My former colleague, Ta-Nehisi Coates, writes that white flight was, in essence, a government policy:
It is increasingly clear to me that white flight was not a mystical process for which we have no real explanation or understanding. White flight was the policy of our federal, state and local government. That policy held that Americans should enjoy easy access to the cities via the automobile live in suburbs without black people, who by their very nature degraded property and humanity.
I wish I were exaggerating. From Beryl Satter's Family Properties:
In the 1930s, the U.S. appraisal industry opposed the "mixing" of the races, which it believed would cause "the decline of both the human race and of property values." Appraisers ensured segregation through their property rating system. They ranked properties, blocks, and even whole neighborhoods according to a descending scheme of A (green), B (blue), C (yellow), and D (red). A ratings went to properties located in "homogenous" areas--ones that (in one appraiser's words) lacked even "a single foreigner or Negro." Properties located in neighborhoods containing Jewish residents were riskier; they were marked down to a B or C. If a neighborhood had black residents it was marked as D, or red, no matter what their social class or how small a percentage of the population they made up. These neighborhoods' properties were appraised as worthless or likely to decline in value. In short, D areas were "redlined," or marked as locations in which no loans should be made for either purchasing or upgrading properties.
The FHA embraced these biases. It collected detailed maps of the present and likely future location of African Americans, and used them to determine which neighborhoods would be denied mortgage insurance. Since banks and savings and loan institutions often relied upon FHA rating maps when deciding where to grant their mortgages, the FHA's appraisal policies meant that blacks were excluded by definition from most mortgage loans.
The FHA's Underwriting Manual also praised restrictive covenants as "the surest protection against undesirable encroachment" of "inharmonious racial groups." The FHA did not simply recommend the use of restrictive covenants but often insisted upon them as a condition for granting mortgage insurance....the FHA effectively standardized and nationalized the hostile but locally variable racial biases of the private housing industry.
Ta-Nehisi goes on to detail the ways in which American housing policy in the 1930s and 1940s actively encouraged racial segregation. You should read the whole thing.
I would add one caution, however: we don't need to see this as deliberate policy. In fact, it might well be good policy gone terribly wrong when it collides with pervasive racism.
Homes in mostly black neighborhoods in the 1930s had a limited resale market among a group of people who were kept out of most of the better-paying jobs. Because the strength of the collateral is one of the best predictors of default, the FHA was probably right that lending into black neighborhoods was a relatively poor risk, even if the buyer had good credit. And that restrictive covenenants would protect the value of their collateral in white neighborhoods from the inevitable price decline that would follow if black people moved in--and most of the whites moved out.

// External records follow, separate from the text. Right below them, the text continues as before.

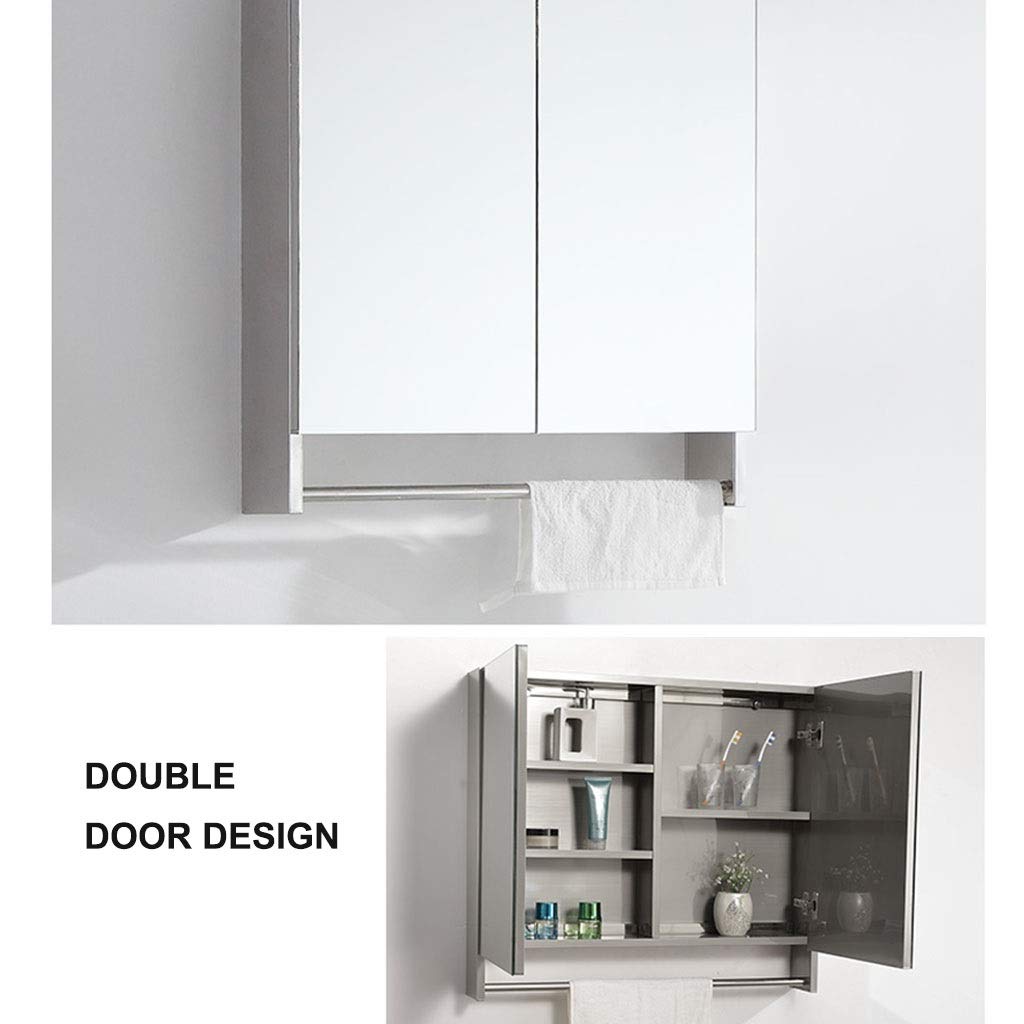 Gabinetes con Espejo de baño de Acero Inoxidable con toallero Espejo de Montaje en Pared Color: Plata, Tamaño: 80x70x13cm (Tres Puertas) (Plata 60x70x13cm)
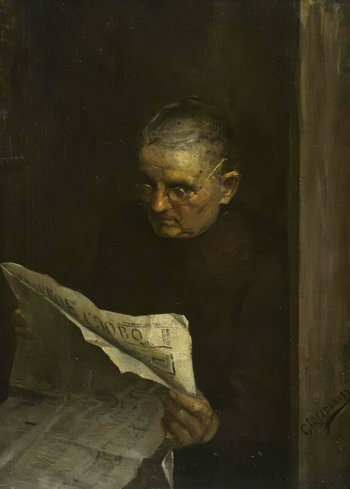 Щербаков Степан Вуколович. Старушка за чтением газеты. Холст, масло. 52х32. 19 век. Иркутский областной художественный музей имени В.П.Сукачева.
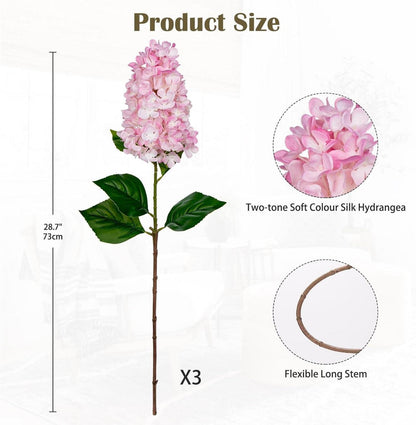 Künstliche Hortensien Rispenhortensie 3er Set 73CM Rosa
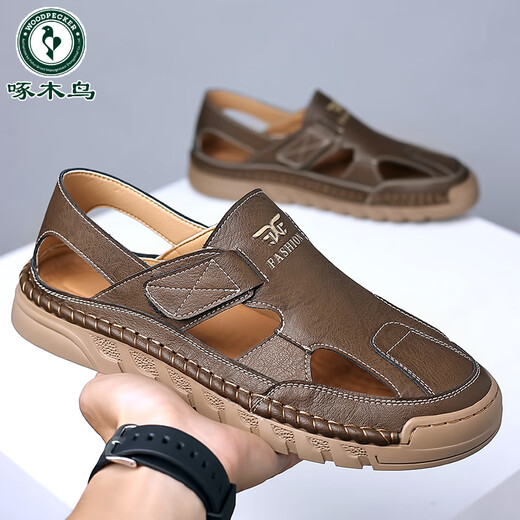 Woodpecker 2025 comfortable and versatile cowhide men's shoes for summer new genuine leather hollow hole shoes soft sole breathable beach shoes new 9197 new brown 38
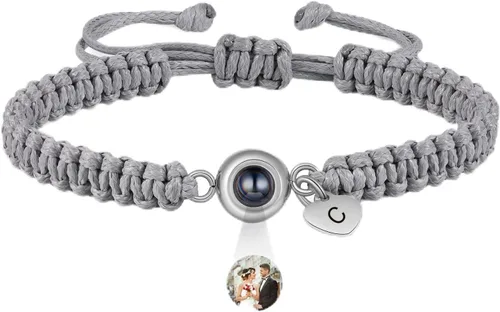 Vista 12 de Pulsera con inicial personalizada con imagen en el interior, cuerda de proyección de fotos personalizada para hombres y mujeres, regalo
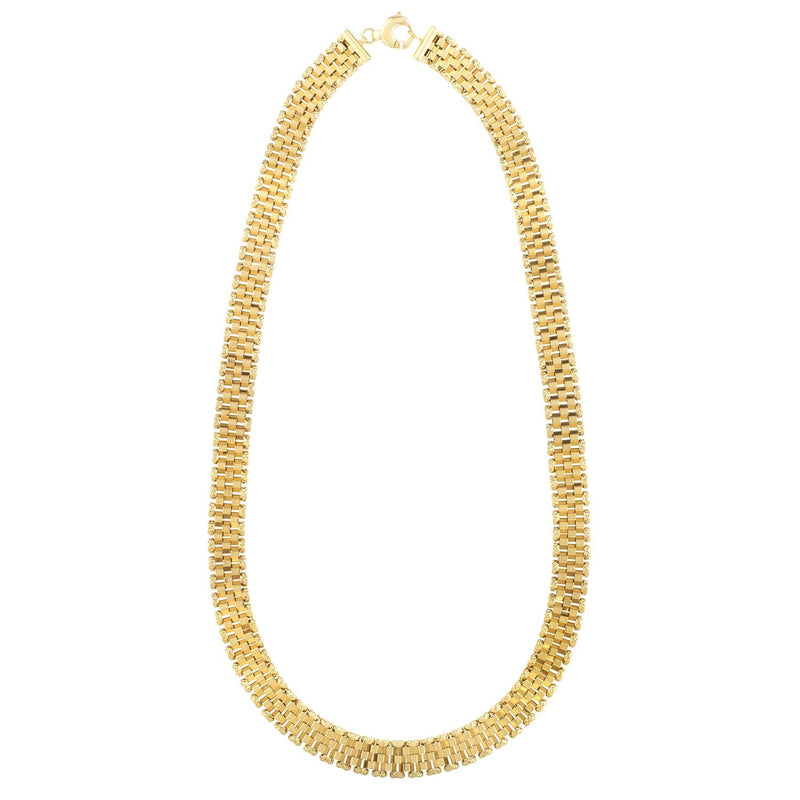 Bids.com 14k Yellow Gold Faceted Panther Link Chain Necklace Necklaces White Smoke 18 / Yellow Gold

The problem is that we don't want our government to treat the legacy of racism as a sort of natural hazard, similar to living on a flood plain. The racism that kept blacks out of good jobs and forbid them to live or eat where whites did was a terrible evil--and an evil that was, in substantial part, created and enforced by the power of the state.
We want our government to fight back against this sort of evil, not reinforce it. As it clearly did reinforce it well into the 1950s, when the difficulty of getting mortgages trapped a lot of aspiring middle class homeowners in black neighborhoods into rip-off "rent to own" deals. Decent, hard-working people were unable to get the same shot at the American dream as their white counterparts.
Why does this matter? Because it suggests more difficult arguments, and more difficult fixes. An FHA which is just refusing to lend into black neighborhoods because its staff doesn't like black people suggests some fairly simple fixes: change the rules, and replace any staffers who just don't want to lend money to members of other races. We are replacing a bad principle (black people shouldn't be allowed to live near white people) with a good one.
An FHA which is applying good principles ("be careful about collateral") to create substantively terrible rules with awful effects requires a different response. You need to have a careful conversation about why this principle is being trumped by an even more powerful principle ("don't reinforce systemic racism")--and also, to set limits on the exception. We don't want the FHA to stop worrying about collateral entirely. We just want them to avoid writing rules that reinforce a segregated economic order.
The point is that racism is not just something that bad people do from bad motives. It's a systemic issue--and if you ignore the systemic effects of your actions, you may end up perpetuating some terrible injustice.